▶ Required action: From the line with "WLLHYF 5 Pack" through the line with "Jodhpur-Painted Croco, Red, Burgundy", repeat the entries verbatim, both end lines included, and add nothing.

▶ Provided data:
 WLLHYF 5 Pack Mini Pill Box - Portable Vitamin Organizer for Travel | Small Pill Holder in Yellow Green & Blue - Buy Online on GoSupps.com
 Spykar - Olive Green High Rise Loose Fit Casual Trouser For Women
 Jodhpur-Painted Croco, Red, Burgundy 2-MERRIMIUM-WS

* * *

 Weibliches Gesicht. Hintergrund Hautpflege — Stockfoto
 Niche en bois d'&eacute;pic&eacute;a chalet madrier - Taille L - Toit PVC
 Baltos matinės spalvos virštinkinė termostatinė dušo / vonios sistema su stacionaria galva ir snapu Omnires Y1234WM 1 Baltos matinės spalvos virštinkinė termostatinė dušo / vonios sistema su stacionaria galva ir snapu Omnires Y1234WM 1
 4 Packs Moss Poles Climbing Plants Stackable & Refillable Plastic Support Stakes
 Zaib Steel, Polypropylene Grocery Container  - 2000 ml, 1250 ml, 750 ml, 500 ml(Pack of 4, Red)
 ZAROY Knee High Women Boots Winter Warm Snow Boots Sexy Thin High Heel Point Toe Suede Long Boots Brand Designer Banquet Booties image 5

▶ Completed exercise:
 WLLHYF 5 Pack Mini Pill Box - Portable Vitamin Organizer for Travel | Small Pill Holder in Yellow Green & Blue - Buy Online on GoSupps.com
 Spykar - Olive Green High Rise Loose Fit Casual Trouser For Women
 Jodhpur-Painted Croco, Red, Burgundy 2-MERRIMIUM-WS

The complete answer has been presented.